■ DATA FOR THIS EXERCISE:
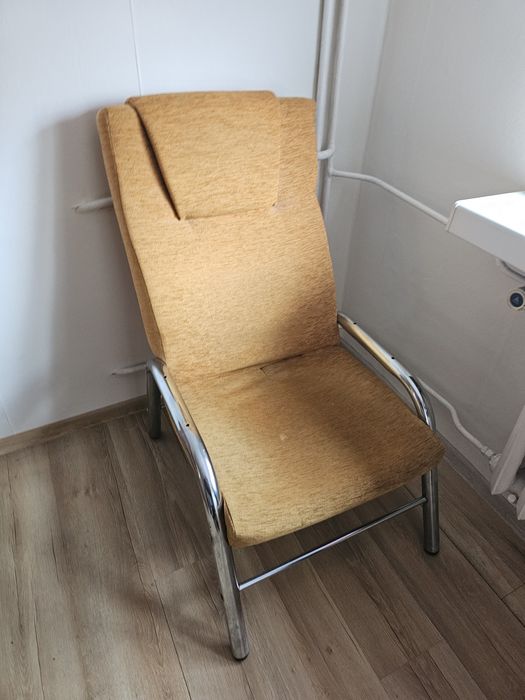 Fotel zółty oddam za darmo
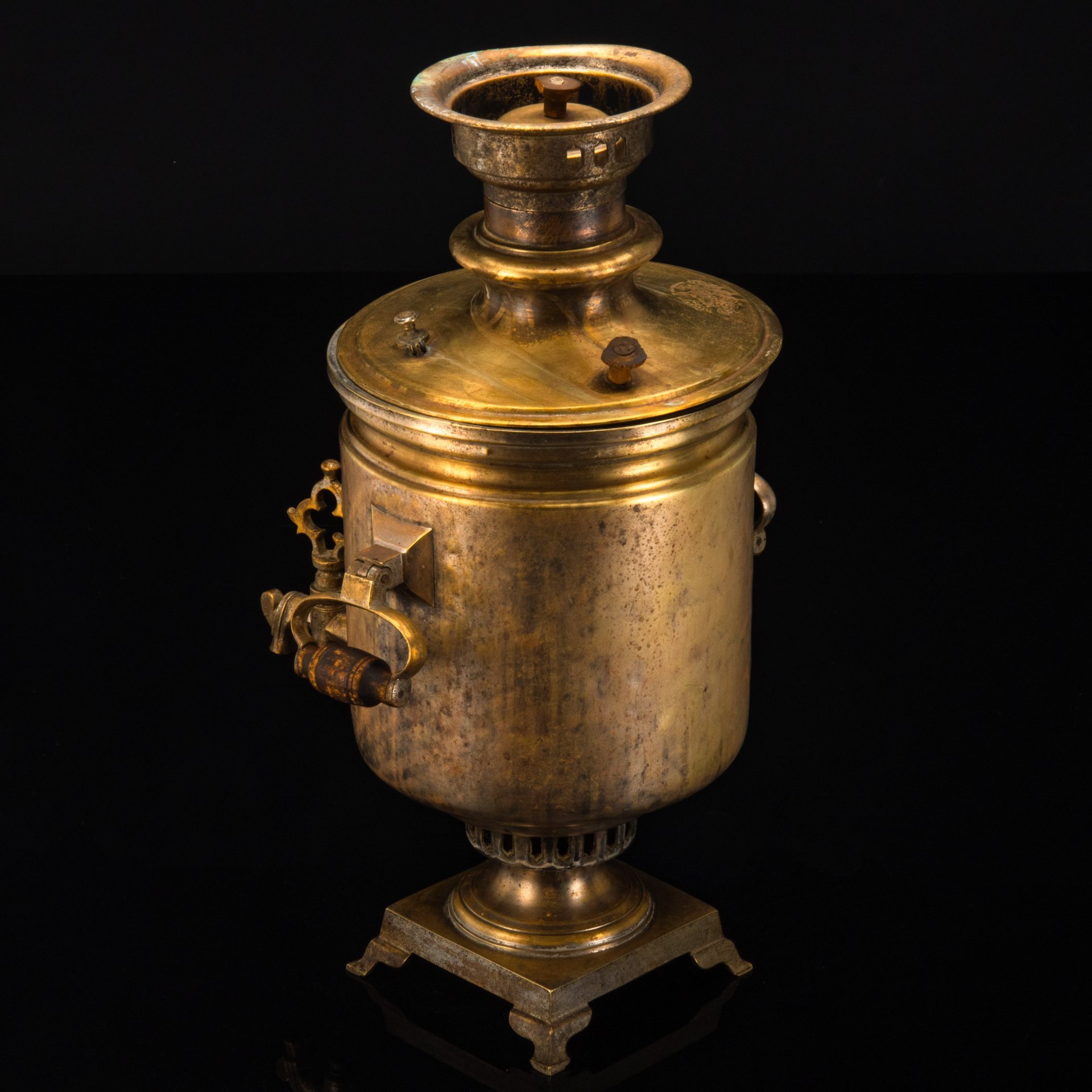 Самовар угольный с медалями (форма "Банка"), Товарищество Торгового Дома Братьев Шемариных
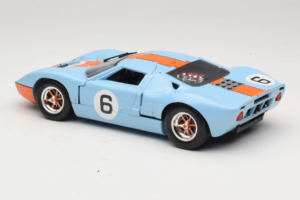 Ford GT40 Gulf #6 J. Ickx / J. Oliver 24 Hours of Le Mans 1969 Eagles Race 1:18 300600 Diecast — photo 7 of 8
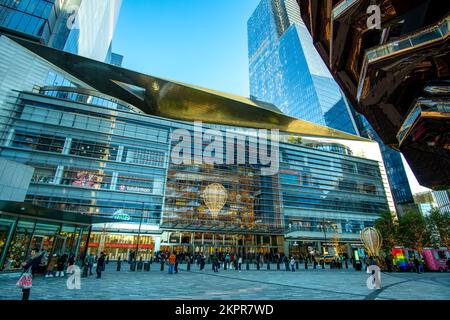 New York, NY – USA – 20 novembre 2022 Vista degli acquirenti e dei turisti che si godono Hudson Yards, un vasto spazio di vendita al dettaglio con più di 100 negozi e 25 r Foto Stock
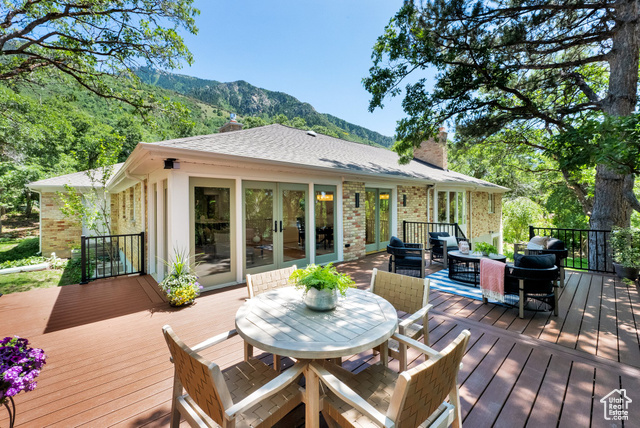 3385 E DEER HOLLOW CIR, Sandy UT 84092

■ YOUR ASSIGNMENT: When you repeat the records, reproduce each line exactly and drop the images.

■ EXERCISE RESULT:
 Fotel zółty oddam za darmo
 Самовар угольный с медалями (форма "Банка"), Товарищество Торгового Дома Братьев Шемариных
 Ford GT40 Gulf #6 J. Ickx / J. Oliver 24 Hours of Le Mans 1969 Eagles Race 1:18 300600 Diecast — photo 7 of 8
 New York, NY – USA – 20 novembre 2022 Vista degli acquirenti e dei turisti che si godono Hudson Yards, un vasto spazio di vendita al dettaglio con più di 100 negozi e 25 r Foto Stock
 3385 E DEER HOLLOW CIR, Sandy UT 84092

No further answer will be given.